• [REQUIRED ACTION]
What is needed is a verbatim copy of the data, minus the pictures.

• [INFORMATION PROVIDED]
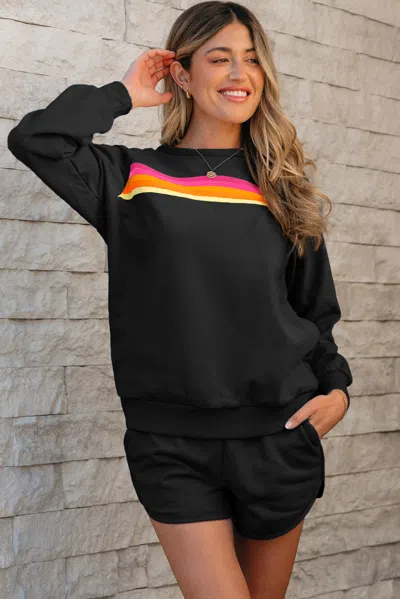 Truedames Striped Accent Pullover And Shorts Two Piece Casual Set In Black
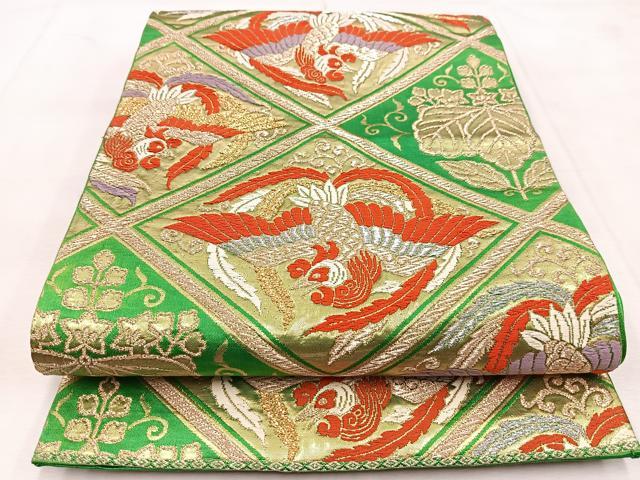 平和屋着物◎六通柄袋帯　唐織　菱天井鳳凰桐文　金銀糸　正絹　逸品　BAAU8547yc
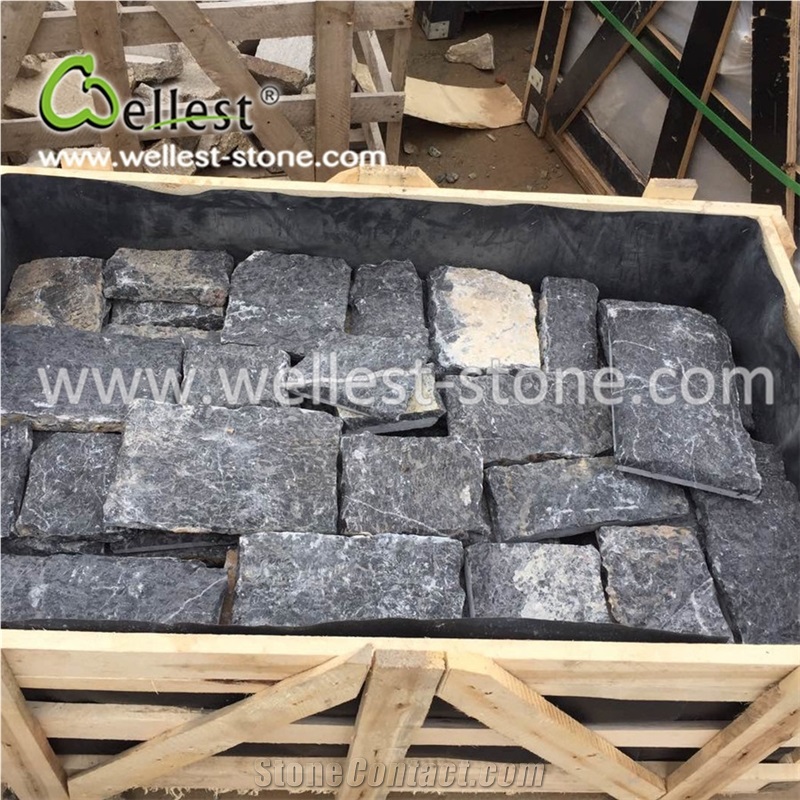Rectangle Black & Brown Limestone Fieldstone for Floor Wall Covering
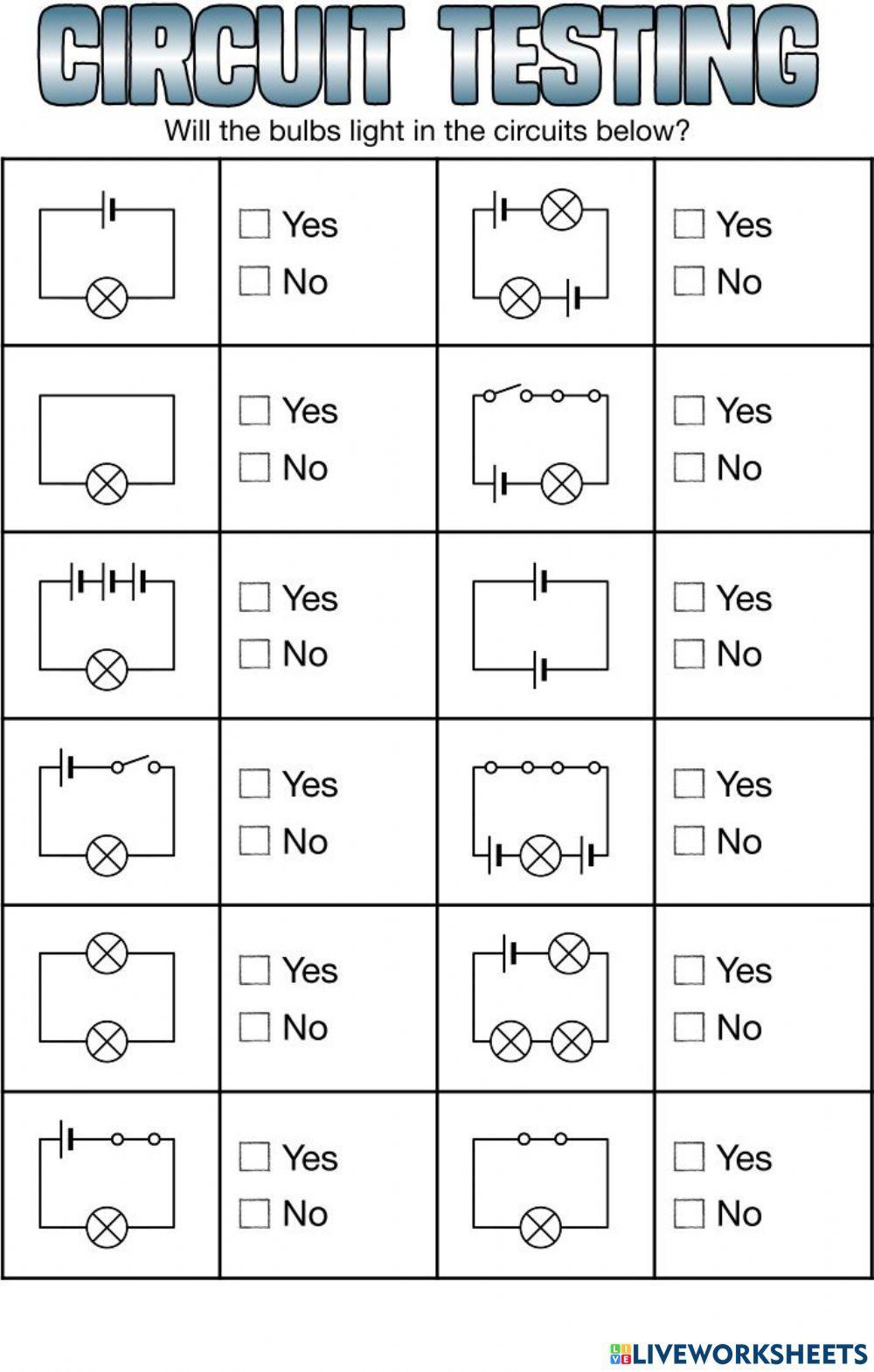 Testing electric circuits worksheet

• [TASK RESPONSE]
 Truedames Striped Accent Pullover And Shorts Two Piece Casual Set In Black
 平和屋着物◎六通柄袋帯　唐織　菱天井鳳凰桐文　金銀糸　正絹　逸品　BAAU8547yc
Rectangle Black & Brown Limestone Fieldstone for Floor Wall Covering
 Testing electric circuits worksheet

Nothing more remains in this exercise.